화학공학소재연구정보센터
Journal of the American Chemical Society, Vol.123, No.31, 7574-7583, 2001
A theoretical study of the aminolysis reaction of lysine 199 of human serum albumin with benzylpenicillin: Consequences for immunochemistry of penicillins
Herein, we present results of a computational study on benzylpenicillin attachment to Lys199 of human serum albumin via an aminolysis reaction. The internal geometry of the reactive part of the system was taken from previous work at the B3LYP/6-31+G* level on the water-assisted aminolysis reaction of a penicillin model compound (Diaz, N.; Suarrez, D.; Sordo, T. L. J. Am. Chem. Soc. 2000, 122, 6710-6719). The protein environment around Lys199, the 6-acylamino side chain, and the 2-methyl groups of benzylpenicillin were relaxed by carrying out geometry optimizations with a hybrid QM/MM method (PM3/AMBER).
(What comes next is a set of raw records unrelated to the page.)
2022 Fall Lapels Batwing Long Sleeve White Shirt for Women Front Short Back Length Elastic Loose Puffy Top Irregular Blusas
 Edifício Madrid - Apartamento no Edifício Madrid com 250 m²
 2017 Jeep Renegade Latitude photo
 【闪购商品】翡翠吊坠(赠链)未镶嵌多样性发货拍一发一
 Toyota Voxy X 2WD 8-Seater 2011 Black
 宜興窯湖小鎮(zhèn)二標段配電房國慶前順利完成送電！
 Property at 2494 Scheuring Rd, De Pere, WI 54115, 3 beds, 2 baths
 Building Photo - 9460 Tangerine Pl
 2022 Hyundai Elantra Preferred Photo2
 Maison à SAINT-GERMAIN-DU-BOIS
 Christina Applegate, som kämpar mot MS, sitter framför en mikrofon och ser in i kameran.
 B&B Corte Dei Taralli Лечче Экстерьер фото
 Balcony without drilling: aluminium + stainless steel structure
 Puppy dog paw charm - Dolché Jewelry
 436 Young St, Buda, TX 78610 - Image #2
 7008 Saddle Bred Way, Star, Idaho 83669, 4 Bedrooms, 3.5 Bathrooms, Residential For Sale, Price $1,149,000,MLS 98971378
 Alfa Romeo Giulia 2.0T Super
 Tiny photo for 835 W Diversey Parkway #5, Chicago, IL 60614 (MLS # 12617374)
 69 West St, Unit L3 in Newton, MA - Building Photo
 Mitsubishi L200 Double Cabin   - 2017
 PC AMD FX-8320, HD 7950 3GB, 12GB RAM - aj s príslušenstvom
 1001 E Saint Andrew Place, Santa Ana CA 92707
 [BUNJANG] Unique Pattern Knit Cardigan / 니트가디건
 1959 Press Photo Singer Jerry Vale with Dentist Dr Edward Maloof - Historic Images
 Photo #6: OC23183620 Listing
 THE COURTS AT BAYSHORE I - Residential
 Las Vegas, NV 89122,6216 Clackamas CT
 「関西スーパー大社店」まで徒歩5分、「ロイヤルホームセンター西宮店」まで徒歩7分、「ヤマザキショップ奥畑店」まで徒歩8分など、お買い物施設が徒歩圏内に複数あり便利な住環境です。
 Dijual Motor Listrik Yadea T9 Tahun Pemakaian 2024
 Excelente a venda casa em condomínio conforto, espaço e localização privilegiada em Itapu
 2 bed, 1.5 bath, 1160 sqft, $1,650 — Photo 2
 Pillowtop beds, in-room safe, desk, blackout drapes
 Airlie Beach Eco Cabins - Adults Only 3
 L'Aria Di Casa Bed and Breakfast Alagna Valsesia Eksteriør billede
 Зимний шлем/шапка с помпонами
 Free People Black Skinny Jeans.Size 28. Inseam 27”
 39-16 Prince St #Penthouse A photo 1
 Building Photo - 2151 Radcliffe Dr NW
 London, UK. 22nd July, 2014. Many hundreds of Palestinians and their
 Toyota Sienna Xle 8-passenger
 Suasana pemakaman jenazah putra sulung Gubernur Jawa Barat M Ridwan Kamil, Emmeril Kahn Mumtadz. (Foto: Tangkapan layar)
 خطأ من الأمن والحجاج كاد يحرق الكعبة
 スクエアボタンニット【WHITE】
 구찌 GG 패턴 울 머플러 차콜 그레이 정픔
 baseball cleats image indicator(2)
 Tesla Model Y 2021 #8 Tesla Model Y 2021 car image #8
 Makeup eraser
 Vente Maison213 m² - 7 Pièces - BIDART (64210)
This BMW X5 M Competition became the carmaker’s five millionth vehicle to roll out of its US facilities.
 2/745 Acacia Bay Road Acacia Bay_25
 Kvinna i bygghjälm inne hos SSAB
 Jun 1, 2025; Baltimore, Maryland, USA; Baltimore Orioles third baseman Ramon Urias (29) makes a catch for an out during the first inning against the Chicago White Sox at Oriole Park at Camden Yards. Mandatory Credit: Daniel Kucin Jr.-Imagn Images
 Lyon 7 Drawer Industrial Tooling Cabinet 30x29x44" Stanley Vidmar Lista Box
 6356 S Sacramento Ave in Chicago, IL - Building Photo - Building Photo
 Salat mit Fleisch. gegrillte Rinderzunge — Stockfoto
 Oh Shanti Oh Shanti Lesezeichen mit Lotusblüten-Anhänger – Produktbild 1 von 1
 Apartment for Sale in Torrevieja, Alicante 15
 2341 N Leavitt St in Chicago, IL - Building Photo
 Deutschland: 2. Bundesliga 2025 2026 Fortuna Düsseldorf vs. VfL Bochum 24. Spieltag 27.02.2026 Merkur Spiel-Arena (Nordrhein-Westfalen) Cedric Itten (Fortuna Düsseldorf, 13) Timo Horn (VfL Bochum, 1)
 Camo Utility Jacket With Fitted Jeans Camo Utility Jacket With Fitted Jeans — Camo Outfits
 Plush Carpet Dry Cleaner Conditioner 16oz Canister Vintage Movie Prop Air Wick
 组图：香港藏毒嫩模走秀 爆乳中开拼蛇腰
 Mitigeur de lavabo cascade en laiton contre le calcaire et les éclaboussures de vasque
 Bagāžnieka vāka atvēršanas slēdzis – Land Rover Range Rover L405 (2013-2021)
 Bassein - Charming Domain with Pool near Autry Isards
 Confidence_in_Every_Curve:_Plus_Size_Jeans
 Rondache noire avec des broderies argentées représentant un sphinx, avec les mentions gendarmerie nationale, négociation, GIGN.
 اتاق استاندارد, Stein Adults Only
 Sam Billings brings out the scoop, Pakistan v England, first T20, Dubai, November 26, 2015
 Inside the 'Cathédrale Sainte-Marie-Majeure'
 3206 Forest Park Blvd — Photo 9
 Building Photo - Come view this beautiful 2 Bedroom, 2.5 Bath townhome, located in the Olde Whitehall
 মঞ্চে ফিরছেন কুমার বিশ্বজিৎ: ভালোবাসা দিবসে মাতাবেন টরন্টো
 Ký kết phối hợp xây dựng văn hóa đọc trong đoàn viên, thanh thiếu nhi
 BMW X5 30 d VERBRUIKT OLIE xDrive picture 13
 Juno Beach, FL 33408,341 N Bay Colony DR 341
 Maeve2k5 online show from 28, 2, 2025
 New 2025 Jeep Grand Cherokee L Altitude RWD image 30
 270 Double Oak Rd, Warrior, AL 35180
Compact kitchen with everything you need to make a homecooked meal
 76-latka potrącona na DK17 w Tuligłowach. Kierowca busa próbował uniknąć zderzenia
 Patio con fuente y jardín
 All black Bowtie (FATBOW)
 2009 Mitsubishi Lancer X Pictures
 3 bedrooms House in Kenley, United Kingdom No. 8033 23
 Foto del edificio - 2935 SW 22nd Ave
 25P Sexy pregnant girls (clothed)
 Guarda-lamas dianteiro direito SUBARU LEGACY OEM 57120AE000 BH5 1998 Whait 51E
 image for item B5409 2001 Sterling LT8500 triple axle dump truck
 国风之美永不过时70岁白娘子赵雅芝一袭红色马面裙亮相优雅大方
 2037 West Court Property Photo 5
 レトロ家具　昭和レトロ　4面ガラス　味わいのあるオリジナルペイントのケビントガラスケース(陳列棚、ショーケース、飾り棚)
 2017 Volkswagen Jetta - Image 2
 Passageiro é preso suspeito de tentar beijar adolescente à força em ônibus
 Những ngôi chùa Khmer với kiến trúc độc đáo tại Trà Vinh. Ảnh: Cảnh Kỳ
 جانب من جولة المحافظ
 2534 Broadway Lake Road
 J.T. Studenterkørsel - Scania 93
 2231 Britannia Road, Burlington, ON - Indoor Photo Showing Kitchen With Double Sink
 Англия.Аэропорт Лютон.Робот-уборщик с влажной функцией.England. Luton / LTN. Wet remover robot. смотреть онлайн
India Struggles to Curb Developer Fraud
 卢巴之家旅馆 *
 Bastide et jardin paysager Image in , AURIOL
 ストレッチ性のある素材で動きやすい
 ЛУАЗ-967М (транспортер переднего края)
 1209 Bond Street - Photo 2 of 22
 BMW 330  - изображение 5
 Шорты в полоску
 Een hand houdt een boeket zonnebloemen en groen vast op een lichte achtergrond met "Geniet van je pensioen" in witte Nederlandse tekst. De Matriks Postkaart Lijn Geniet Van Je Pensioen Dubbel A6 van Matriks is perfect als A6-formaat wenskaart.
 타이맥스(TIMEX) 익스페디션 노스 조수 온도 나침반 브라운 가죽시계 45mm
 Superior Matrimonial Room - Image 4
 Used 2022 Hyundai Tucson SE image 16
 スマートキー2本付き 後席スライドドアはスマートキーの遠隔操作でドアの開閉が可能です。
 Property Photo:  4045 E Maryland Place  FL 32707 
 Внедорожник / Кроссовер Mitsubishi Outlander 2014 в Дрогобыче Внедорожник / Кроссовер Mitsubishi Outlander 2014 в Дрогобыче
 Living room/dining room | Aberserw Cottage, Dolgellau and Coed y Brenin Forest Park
Two different mechanistic routes were explored: a one-step water-assisted process and a carboxylate and water-assisted route in which the beta -lactam carboxylate and the ancillary water molecule mediate the proton transfer from the epsilon -amino group of Lys199 to the beta -lactam leaving N atom, The corresponding energy profiles in the protein combine the B3LYP/6-31+G* and PM3 energies of the reactive subsystem (benzylpenicillin + Lys199 side chain + the ancillary water molecule) and semiempirical PM3 energies of the entire system evaluated with a "divide and conquer" linear-scaling method. It is observed that penicillin haptenation to HSA can proceed through the water-assisted concerted mechanism which is calculated to have a high energy barrier of similar to 38 kcal/mol, in agreement with the experimentally observed slow reaction kinetics.